A brand for every guest
New opportunities for luxury
With the Taj brand reserved for the most opulent hotels in the portfolio, Landor found ways to heighten its luxury experience for guests. We identified several key ownable opportunities, including the traditional greeting of the dvaar paalaka, the Taj Turndown menu, the Royal Shoeshine, and the Fond Farewell.
“The welcoming durbaans set a certain expectation for foreign visitors. Guests are about to start an India experience; they are not just entering a set of revolving doors.”Divia Thani Daswani, editor Condé Nast Traveller India
Vivanta by Taj for the upper upscale guest
Vivanta by Taj was designed to capture an emerging high-end segment. This younger, more cosmopolitan group of travelers wanted something new, contemporary, and technologically savvy.
Landor created the name, identity, positioning, customer journey, and look and feel for this stylishly smart hotel. Amenities include airport pickup, soothing music, and massage chairs. STR reports and Gallup surveys show that Vivanta has the highest RevPAR and customer engagement among its competitive set.
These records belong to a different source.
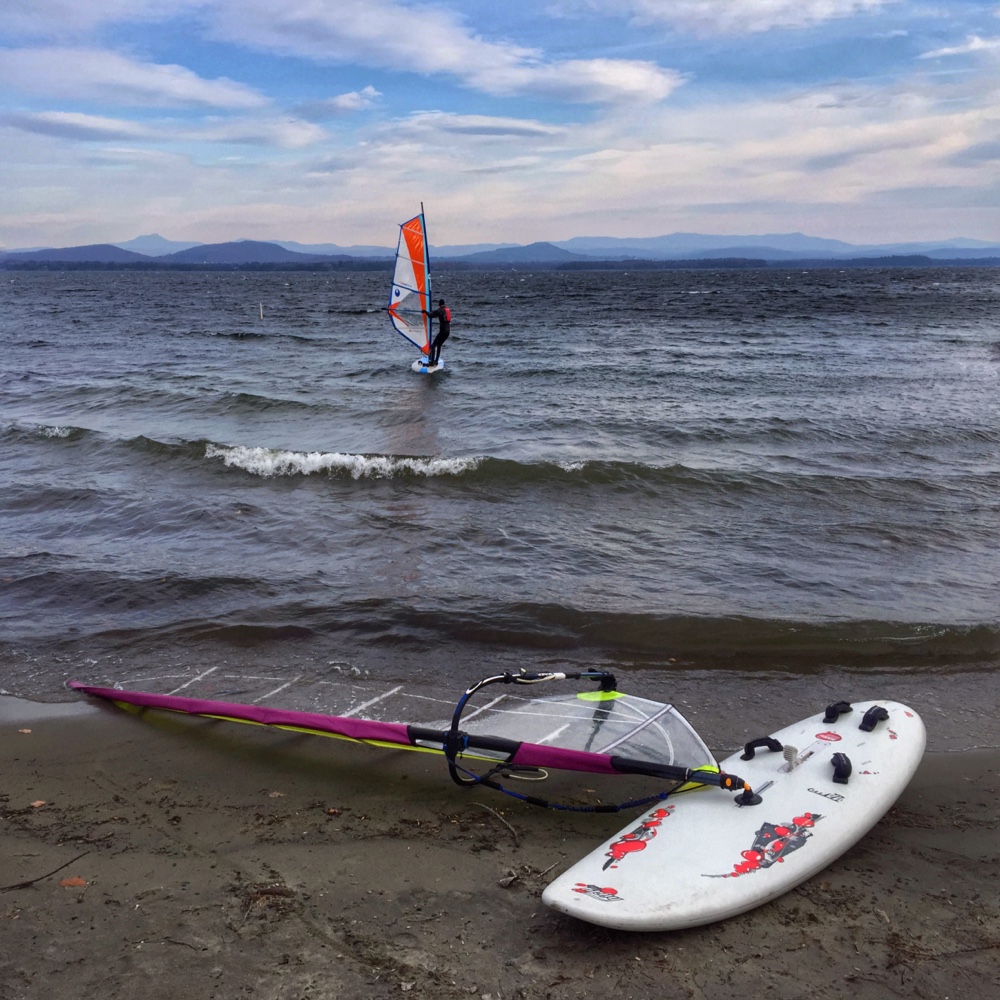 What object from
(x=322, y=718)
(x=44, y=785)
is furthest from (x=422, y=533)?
(x=44, y=785)

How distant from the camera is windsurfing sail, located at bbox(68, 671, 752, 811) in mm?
4637

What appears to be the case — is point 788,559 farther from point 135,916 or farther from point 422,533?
point 135,916

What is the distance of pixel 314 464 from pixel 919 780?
996cm

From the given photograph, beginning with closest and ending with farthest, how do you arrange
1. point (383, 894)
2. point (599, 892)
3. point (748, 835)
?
point (599, 892) < point (383, 894) < point (748, 835)

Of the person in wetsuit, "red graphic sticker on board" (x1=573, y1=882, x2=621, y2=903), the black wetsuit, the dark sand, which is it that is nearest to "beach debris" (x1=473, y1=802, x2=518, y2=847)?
the dark sand

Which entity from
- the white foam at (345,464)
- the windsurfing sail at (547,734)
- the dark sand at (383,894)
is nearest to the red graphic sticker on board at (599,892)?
the dark sand at (383,894)

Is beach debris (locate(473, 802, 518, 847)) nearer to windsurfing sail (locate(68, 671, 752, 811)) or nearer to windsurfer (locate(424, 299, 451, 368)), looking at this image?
windsurfing sail (locate(68, 671, 752, 811))

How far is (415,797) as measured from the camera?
484 centimetres

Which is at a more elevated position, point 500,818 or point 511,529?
point 511,529

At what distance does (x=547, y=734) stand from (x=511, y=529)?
519cm

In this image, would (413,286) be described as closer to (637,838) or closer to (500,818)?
(500,818)

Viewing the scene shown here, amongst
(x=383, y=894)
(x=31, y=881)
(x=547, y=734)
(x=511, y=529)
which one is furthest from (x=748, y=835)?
(x=511, y=529)

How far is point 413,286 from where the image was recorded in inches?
931

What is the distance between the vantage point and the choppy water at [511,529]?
22.4 ft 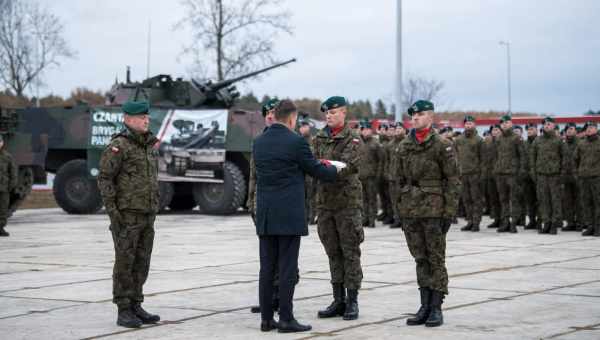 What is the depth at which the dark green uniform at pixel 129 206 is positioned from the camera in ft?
27.1

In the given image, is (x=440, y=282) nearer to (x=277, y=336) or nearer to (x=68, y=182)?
(x=277, y=336)

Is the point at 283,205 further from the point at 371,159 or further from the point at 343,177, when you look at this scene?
the point at 371,159

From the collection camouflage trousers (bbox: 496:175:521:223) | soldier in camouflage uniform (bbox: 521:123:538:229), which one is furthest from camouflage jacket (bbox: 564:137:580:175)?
camouflage trousers (bbox: 496:175:521:223)

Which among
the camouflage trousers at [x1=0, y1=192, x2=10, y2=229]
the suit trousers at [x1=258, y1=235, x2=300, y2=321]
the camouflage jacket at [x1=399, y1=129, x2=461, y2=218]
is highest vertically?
the camouflage jacket at [x1=399, y1=129, x2=461, y2=218]

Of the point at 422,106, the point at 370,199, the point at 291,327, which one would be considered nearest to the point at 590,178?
the point at 370,199

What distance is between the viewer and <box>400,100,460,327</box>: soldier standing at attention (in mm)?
8227

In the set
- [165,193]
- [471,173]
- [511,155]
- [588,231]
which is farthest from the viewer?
[165,193]

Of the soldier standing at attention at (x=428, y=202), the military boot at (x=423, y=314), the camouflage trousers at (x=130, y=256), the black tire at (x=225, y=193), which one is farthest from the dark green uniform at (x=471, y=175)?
the camouflage trousers at (x=130, y=256)

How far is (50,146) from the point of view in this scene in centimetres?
2342

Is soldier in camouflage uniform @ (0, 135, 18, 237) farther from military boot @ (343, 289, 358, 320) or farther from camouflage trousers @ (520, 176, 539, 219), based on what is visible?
military boot @ (343, 289, 358, 320)

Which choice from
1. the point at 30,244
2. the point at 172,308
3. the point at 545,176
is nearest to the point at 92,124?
the point at 30,244

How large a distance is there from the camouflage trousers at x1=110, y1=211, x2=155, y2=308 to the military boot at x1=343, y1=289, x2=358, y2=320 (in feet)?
5.45

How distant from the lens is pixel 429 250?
830 cm

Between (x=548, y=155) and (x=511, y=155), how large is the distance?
32.8 inches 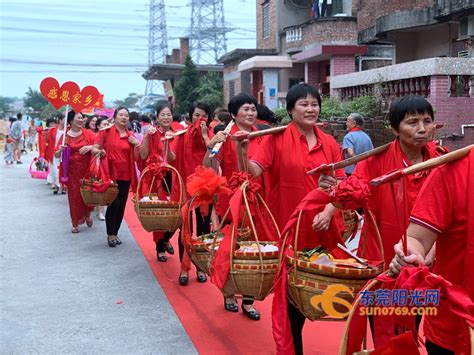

Condé Nast Traveler named Vivanta by Taj the third best hotel brand in the world.
The Gateway Hotel for the mid-market traveler
India’s booming market had given rise to a large number of domestic business travelers. Taj Group created the Gateway Hotel, a three-star national brand, to cater to this segment and fill the gap in its portfolio. Although it falls under the corporate umbrella, The Gateway is not endorsed by Taj, keeping its identity separate from the Taj’s luxury positioning.
The Gateway brand idea, Welcome perfection, succinctly expresses the hotel promise, and a clean, crisp identity system carries the message of contemporary environments with hassle-free service.
According to Nielsen research, Gateway was the third strongest brand in India only a year after its launch.
Ginger for the budget traveler
Ginger, a two-star economy brand, focuses on secondary and tertiary cities in India, where the hospitality sector can be disorganized and unpredictable. To avoid having Taj associated with a budget chain, Ginger functions as a separate subsidiary outside the purview of the Taj Group.
Its name and visual identity evoke a simple, practical hotel experience that strikes a balance between being Indian and being international—the sweet spot many Indian brands hope to achieve. Properties feature laundry and gym facilities as well as business centers to meet a variety of needs.
The South Asian Travel Tourism Expo named Ginger the best budget hotel chain in India.
Leadership faced a challenge in selling the new brand architecture to its staff, since many employees felt proud of working for the Taj brand. The core branding team painstakingly engaged each stakeholder group to instill confidence in the new strategy before launching publicly. Landor produced a brand spirit book and a 20-minute brand film to help employees embrace the transition.
Internal acceptance of the new structure has been extraordinary, and IHCL, Taj’s parent company, was recently named a Gallup Great Workplace. The success of the new brand architecture strategy has renewed the company’s commitment to international expansion, and it hopes to double its inventory in the next five years.
Credit Suisse named Taj one of only 27 Great Brands of Tomorrow expected to significantly outperform the market in the next three to five years.